For the next two weeks I continued to send emails that communicated the complex information and heartfulness of these first days. Exactly a week after his death I had four hours alone on a plane and I wrote in my journal, “The story shatters…” I then documented moment by moment that 24-hour passage from the phone call to the strange, exhausted slumber in a Denver motel. I have hardly written since.
The story really did shatter—and the hardest question of the whole winter has been people’s inquiry, “How are you doing?”
How should we know how we’re doing? By what measurement does one respond?

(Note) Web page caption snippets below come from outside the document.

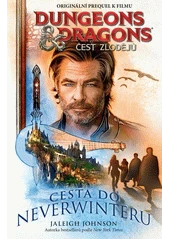 Kniha Cesta do Neverwinteru z knihovny Jiřího Mahena
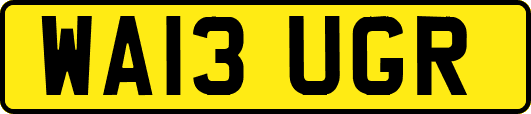 WA13UGR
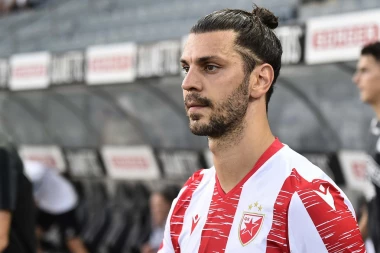 DRAGOVIĆ U REPREZENTACIJI SRBIJE? Štoper Zvezde ZAPANJIO fudbalsku javnost!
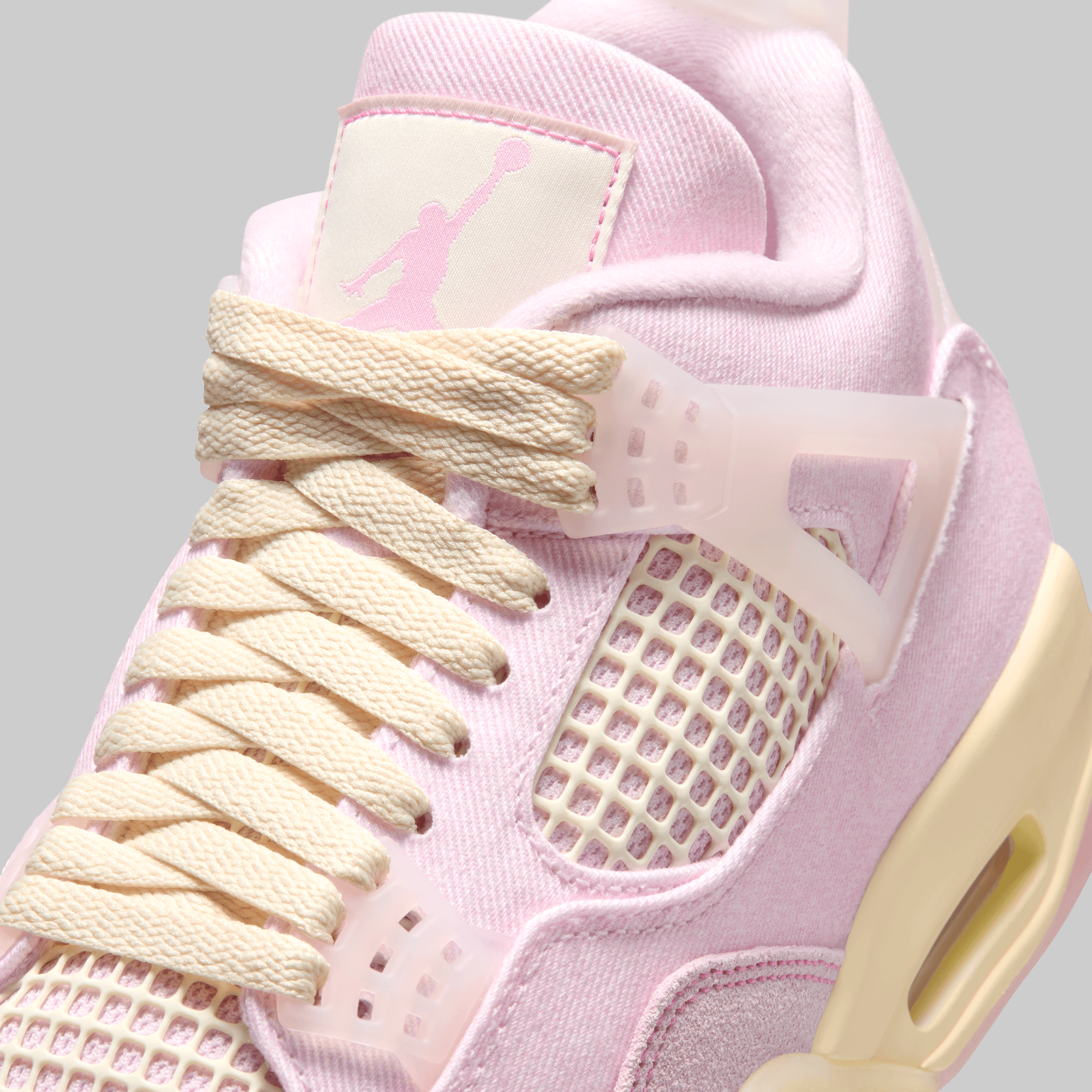 Air Jordan W's Air Jordan 4 Retro Iced Carmine
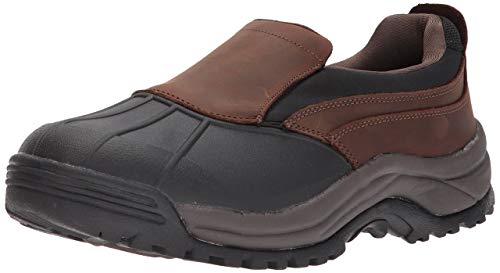 Propet Men's Blizzard Slip-on Snow Boot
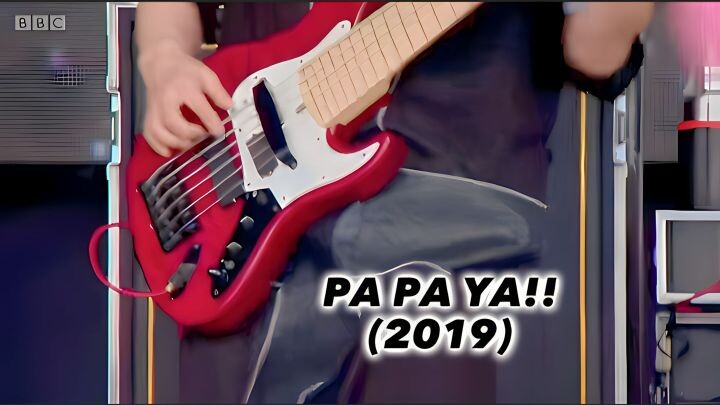 PA PA YA!! - BABYMETAL (Glastonbury 2019)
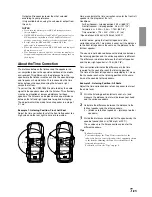 Предварительный просмотр 9 страницы Alpine CDM-7892R Owner'S Manual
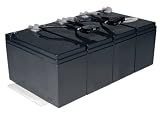 Tripp Lite RBC8A Replacement Battery Cartridge for Select APC UPS Models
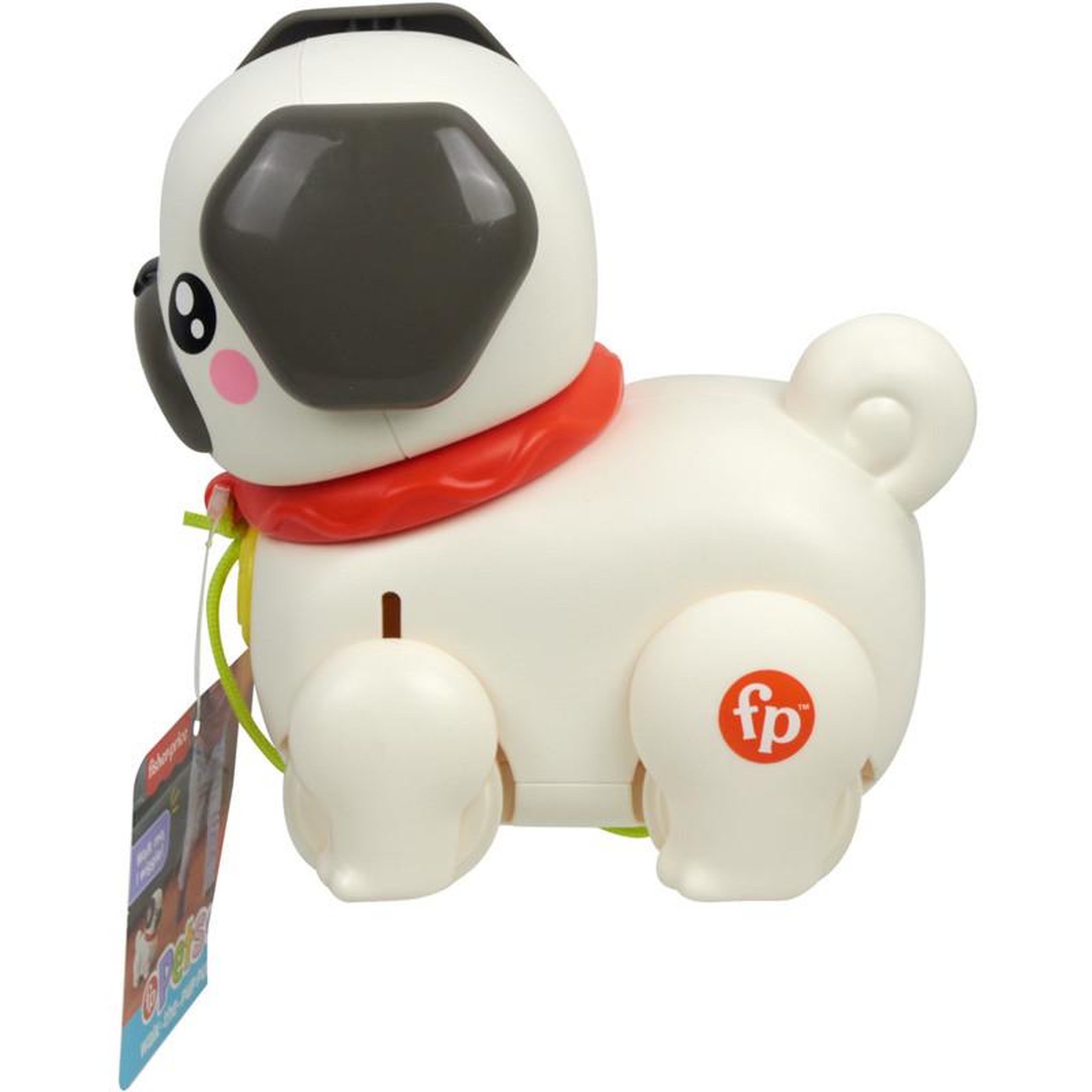 MATTEL MON CARLIN A PROMENER FP Mattel MALHTW94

In my book, Storycatcher, I say, “Words are how we think, story is how we link.” Life story is developed by attaching a new experience to an old one, like putting two children in line together and saying, “Hold hands. Don’t let go. Help each other cross the street.” A previous experience, which we have already transformed through the narrative function of the mind into meaning , serves as a tutor to help us absorb a new experience and begin to integrate it.
But when the new experience is extreme in some way—we can’t link it. This is called shock. The world right now is full of shocks. And what observers call “news”—a missing jetliner, a deadly mudslide, a sinking ferry with hundreds of teenagers on-board, Sherpas carrying their dead off Everest, etc. etc.—is individual, familial, and community survivors experiencing breakdowns in their capacity to integrate what just happened into what has happened before: shock on a massive scale.
Narrative is our life-line. The psyche goes into free-fall when our attachment to meaning is broken. I had my hand on Brian’s chest when I saw the heart monitor go flat. For most of the past five months, when people ask, “How are you?” I have internally re-experienced that moment, and realized that in many ways “I” am still in that room where we took an emotional fist to the heart that will influence our lives forever.
I have started to blog a dozen times these months, and not had the energy to complete my thought process. This entry signals me that linkage is starting: I am beginning to hold hands with Brian’s death in words as well as in raw experience. Because restoring narrative is essential for wholeness and well-being, I will write more about this as I learn my way into language.
Meanwhile, I pray for all those I see grieving on the news, and for patience from the rest of us who do not understand why they are so fixated on the downed plane, the mudslide, the tipped ferry, and millions more private traumas. How are they? They don’t know. Just don’t abandon us—however you come across people in the aftermath of sorrow, trauma, and travail—hold our hands until we can hold the hand of story.